How the Government Can Help Pay Your Tuition

At the federal level, college students have a variety of options in tuition assistance. Here, we explore a few of the avenues that students need to be taking advantage of.

Grants

A grant is a set amount of money the government gives a student that doesn't have to be paid back and are usually doled out either by financial need or academic merit. Two that are based on financial need are the Pell Grant and the Federal Supplemental Educational Opportunity Grant (FSEOG). With the Pell Grant, the amount changes yearly and is a maximum of $5,645 for the 2013/14 school year. The FSEOG, also financially based, offers a little less at between $100-$4,000, but when used in conjunction with another form of assistance, can make a big dent in your tuition.
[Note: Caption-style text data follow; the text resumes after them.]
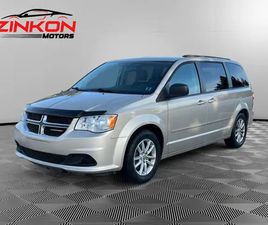 DODGE GRAND CARAVAN 2016 DODGE GRAND CARAVAN SXT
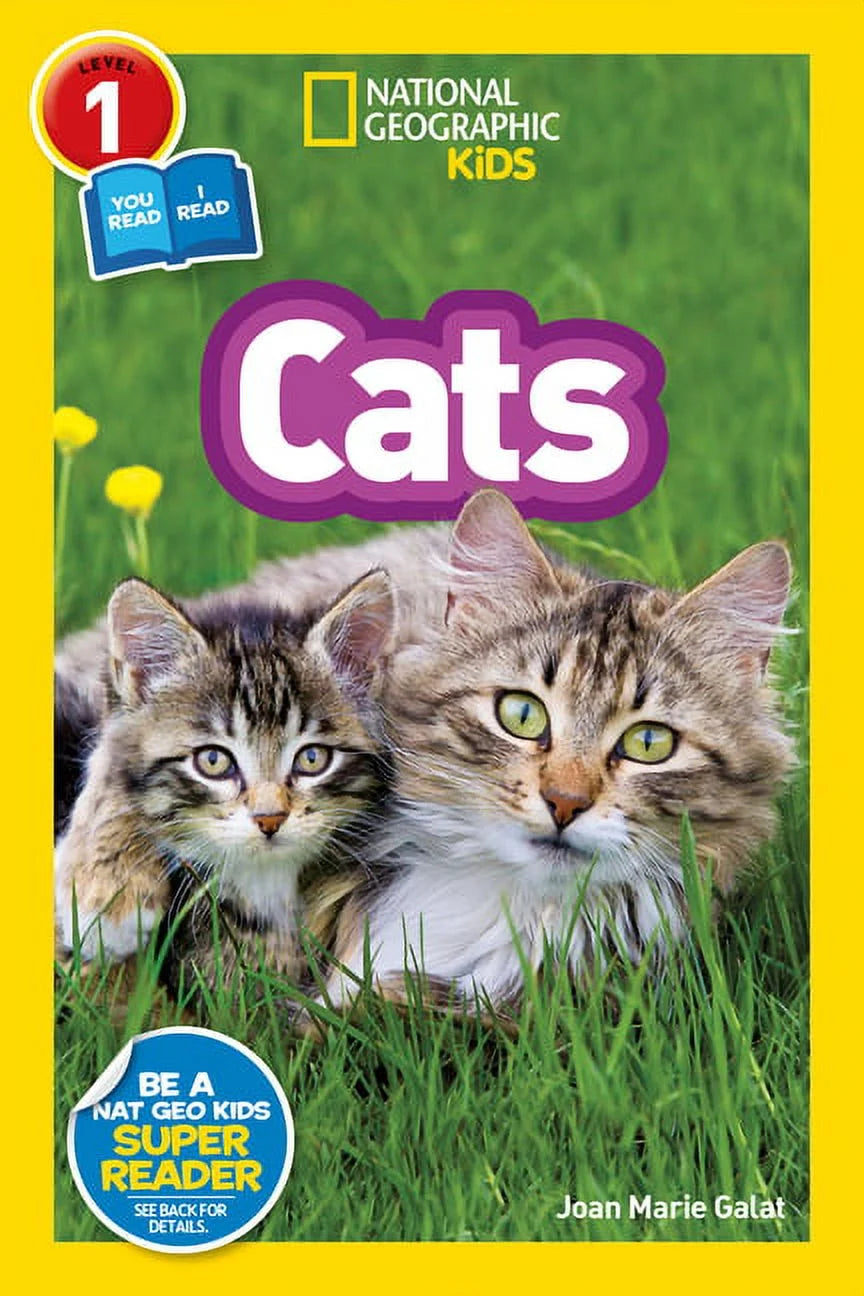 Readers: Cats (Level 1/Co-Reader) - Paperback Edition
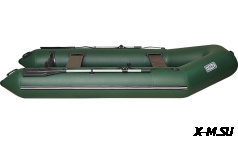 Лодка ПВХ PATRIOT Дельта 305 СК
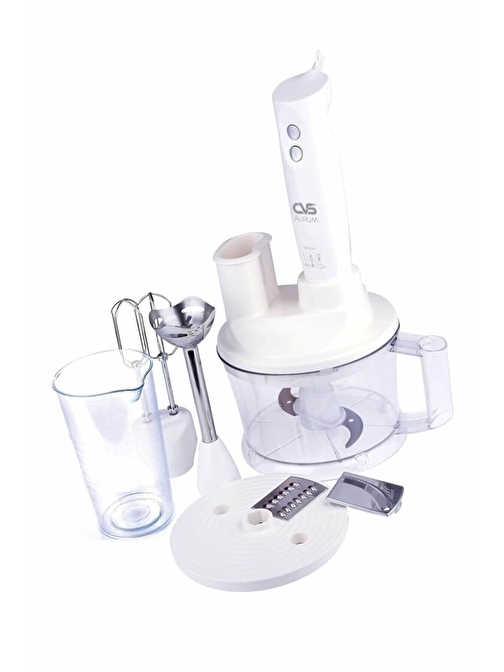 CVS DN 1265 Aurum 1700 W Çoklu Blender Seti Beyaz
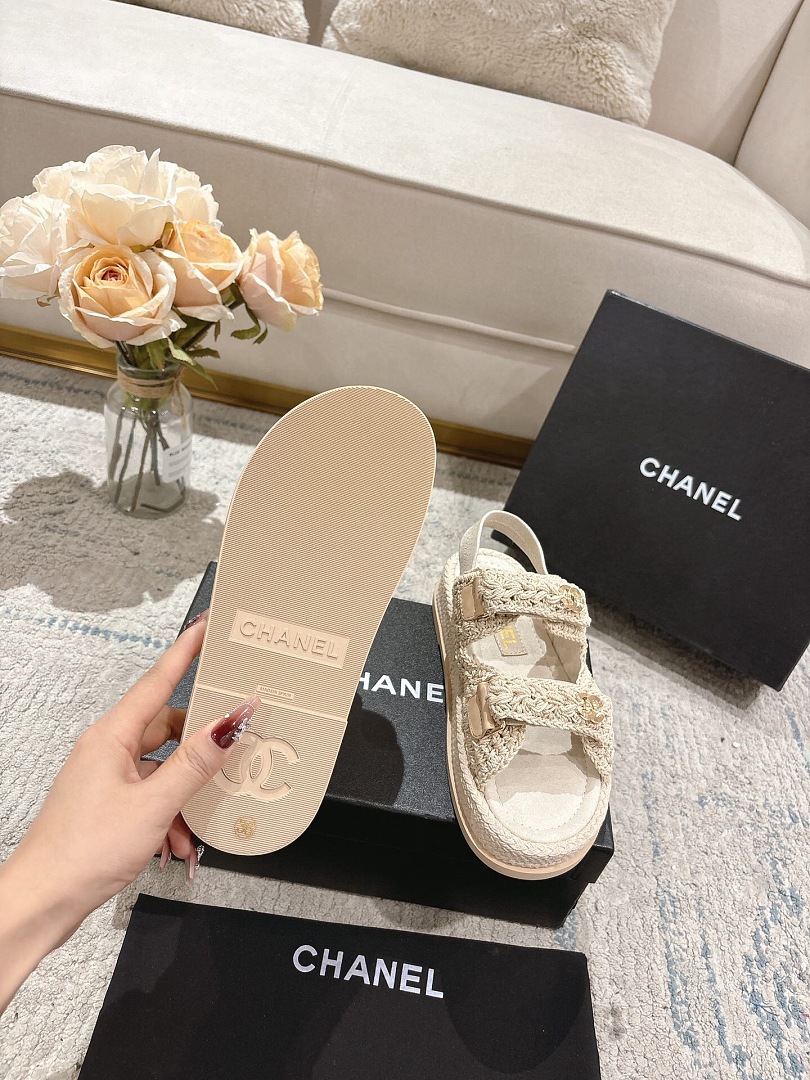 Chanel Dad Sandal · C1E — תמונה 5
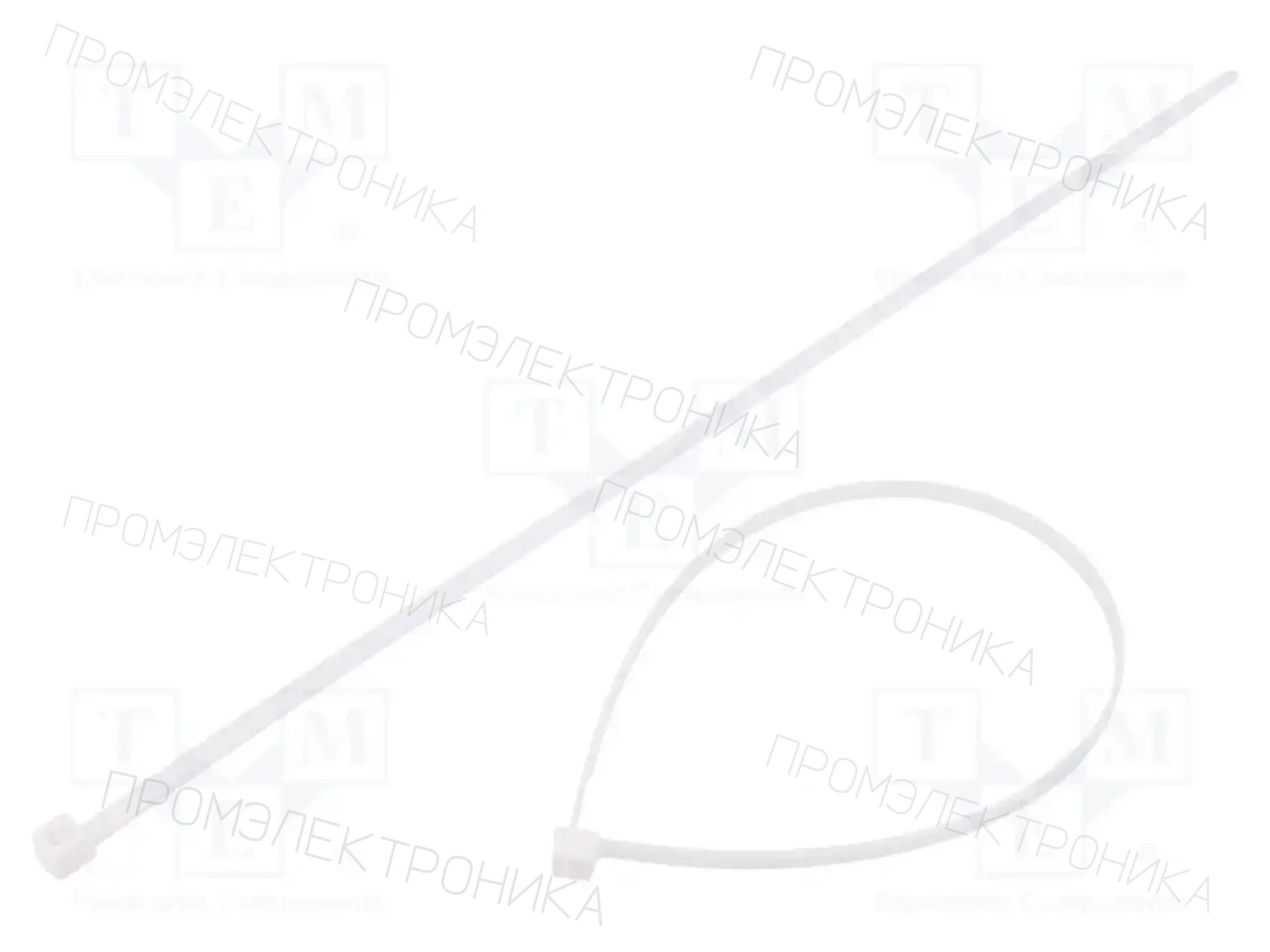 HELLERMANNTYTON 111-00317 — Зажимные хомуты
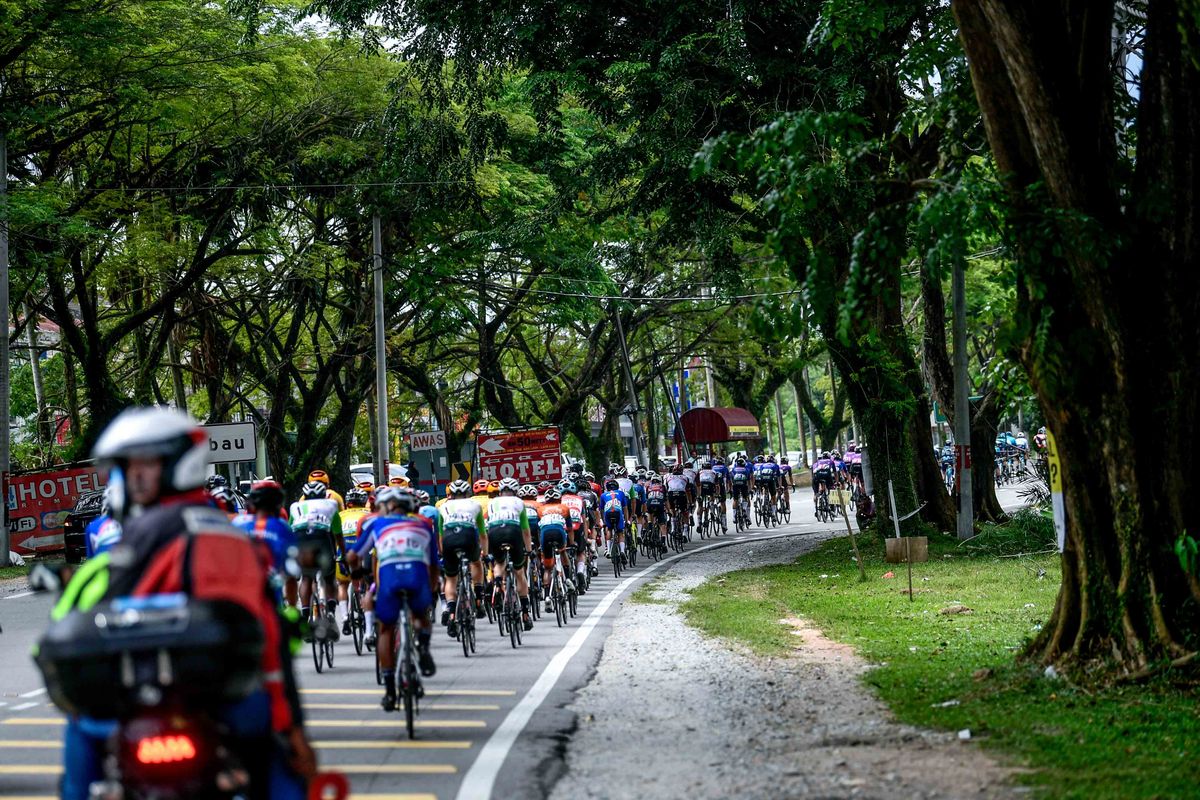 Stage 1 of Petronas Le Tour de Langkawi 2022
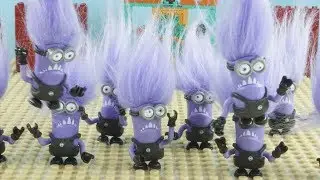 Minions Haunted Park Stop Motion Full Version + Bonus Videos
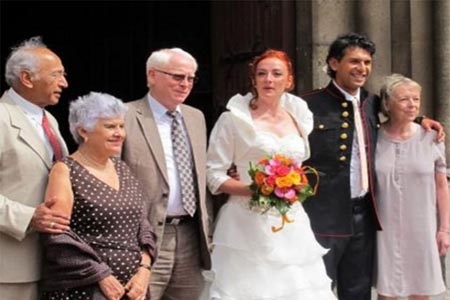 Florence Cassez se casa en Francia con hombre de origen mexicano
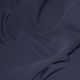 Prestige Medium Weight Crepe Fabric. Navy Blue. 148cm Wide x 1m.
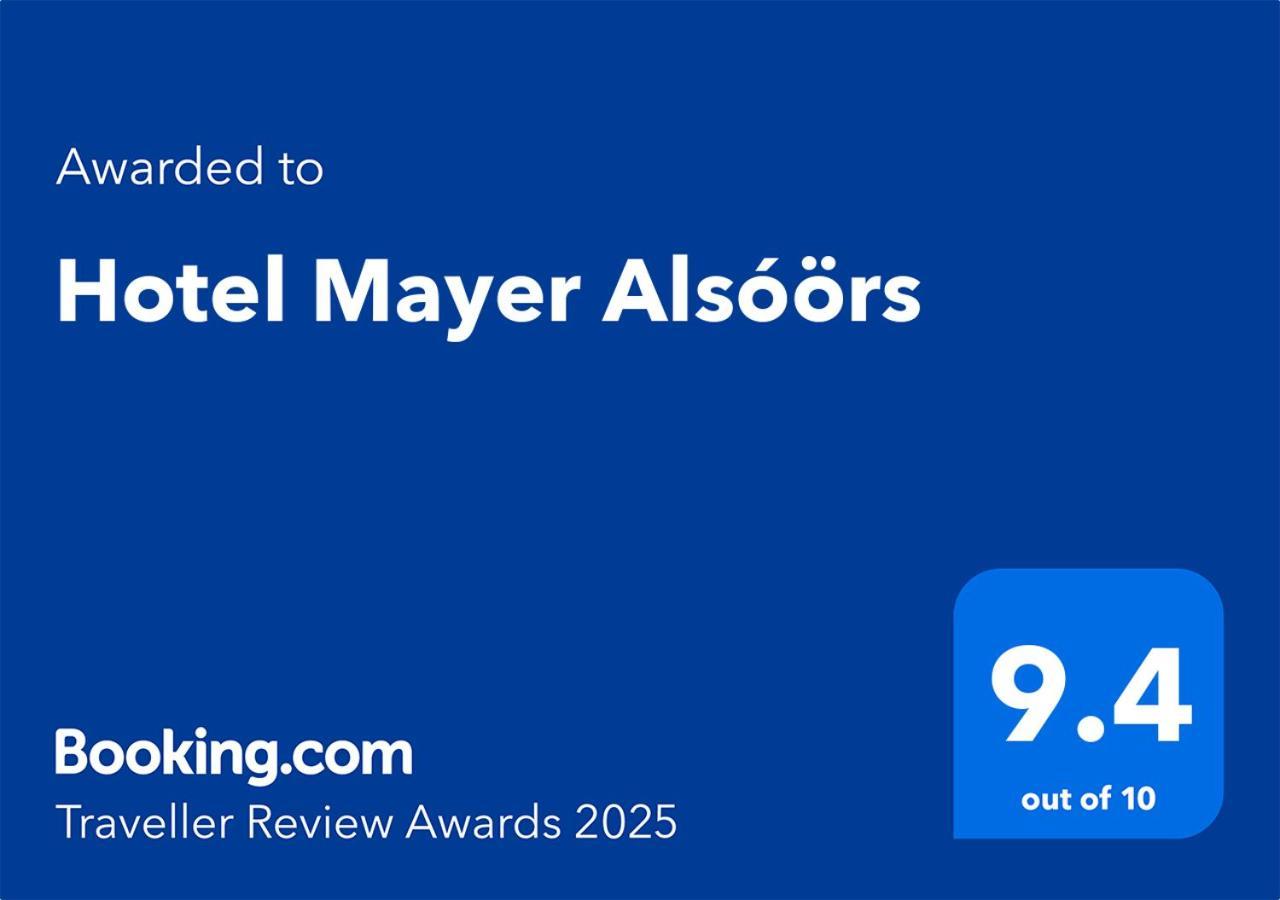 Hotel Mayer Alsóörs Dış mekan fotoğraf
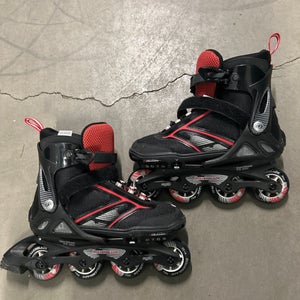 Used  Regular Width Size 8 RPD MAX Inline Skates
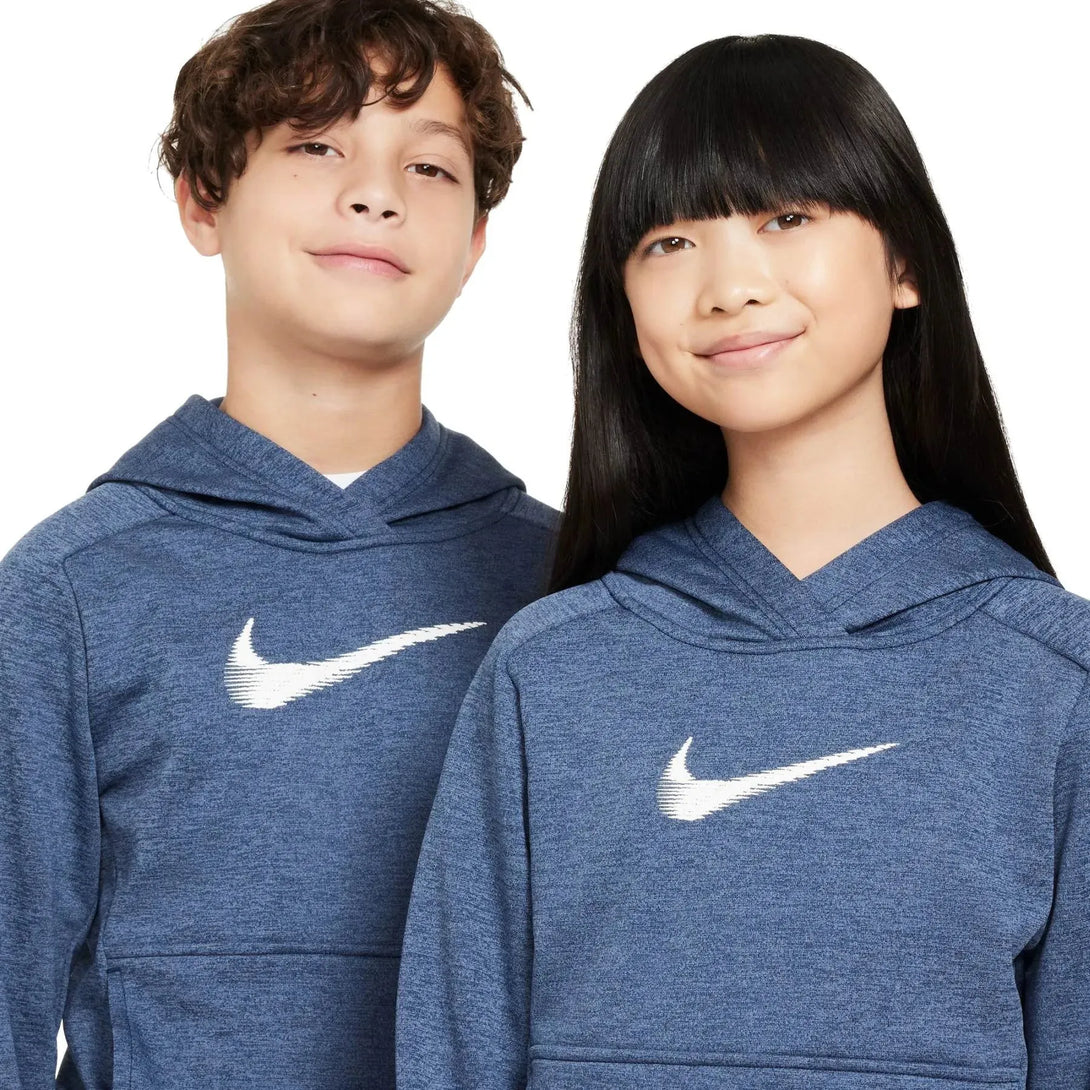 Nike_ Nike Therma Multi+ Big Kids\" P Pulóver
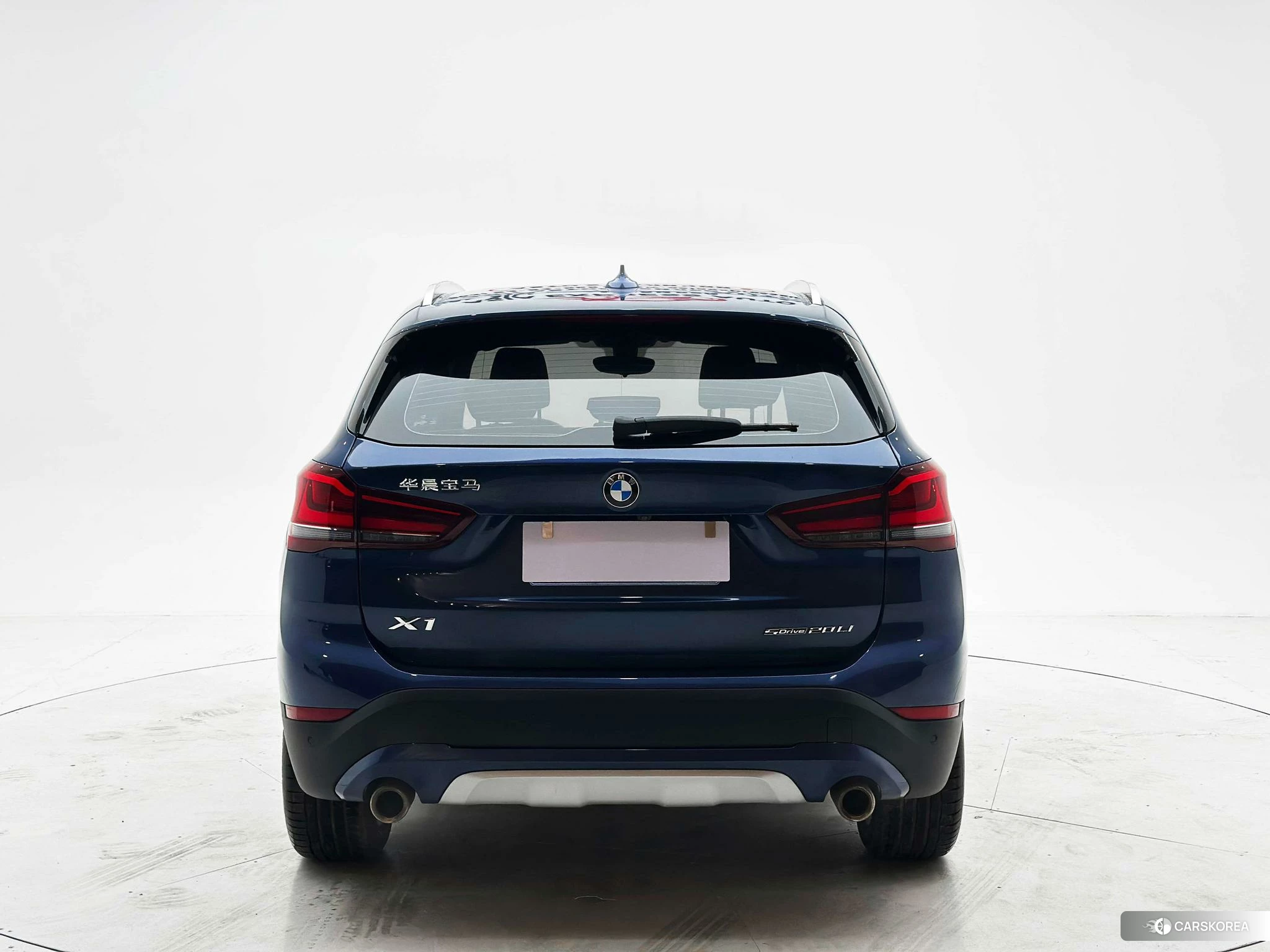BMW X1 2020 Синий из Китая, фото 4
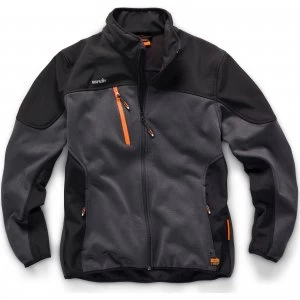Image of Scruffs Trade Tech Softshell Jacket Charcoal S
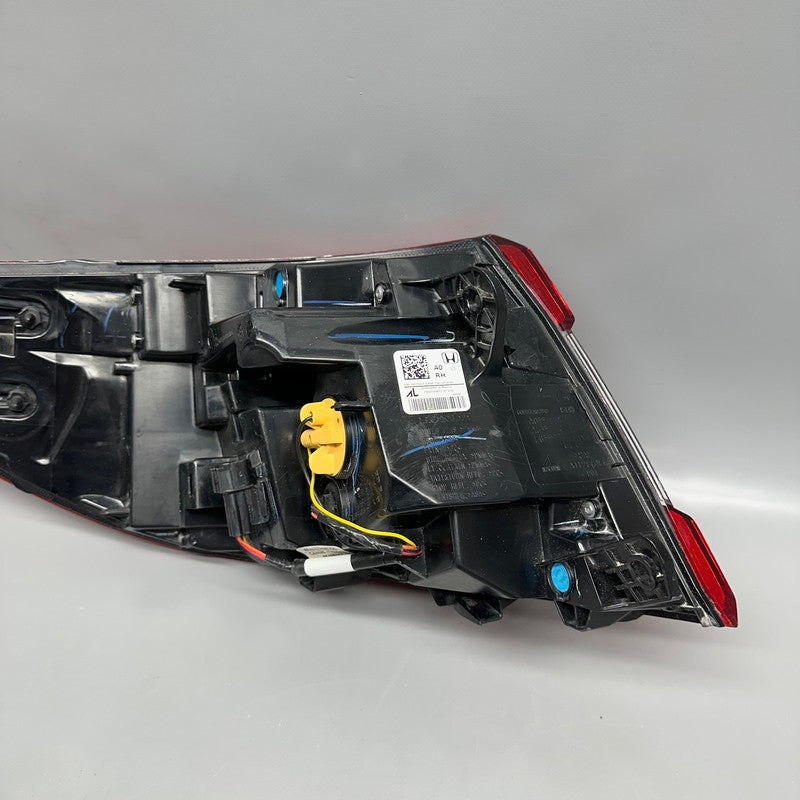 HONDA ACORD TAIL LIGHT RIGHT PASSENGER 2020 2021 2022 OEM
One of the biggest grants that's centered more on academic merit than financial need is the Teacher Education Assistance for College and Higher Education (TEACH) Grant. Students have to meet a number of criteria: good grades must be achieved and maintained (75% or a 3.25 GPA), and the student has to agree to teach in a high-needs area for four years within eight years of finishing their education. The government's website gives examples of high-needs like math, science and foreign languages, and students can receive up to $4,000 in grant money.

Subsidized Loans

For students who can demonstrate financial need, a direct subsidized loan can help them out. The government lets your school determine how much money you're eligible for, the U.S. Department of Education pays the interest on the loan while you're in school, and you have a six-month grace period after you finish where you don't have to pay interest on the loan. Once that time is up, though, the loan turns into a regular one and you have to make monthly payments with interest.

Unsubsidized Loans

A direct unsubsidized loan isn't based on financial need but again, your school determines how much you get based on the cost of attendance. However, one key difference is that you're responsible for paying the interest on it during all periods.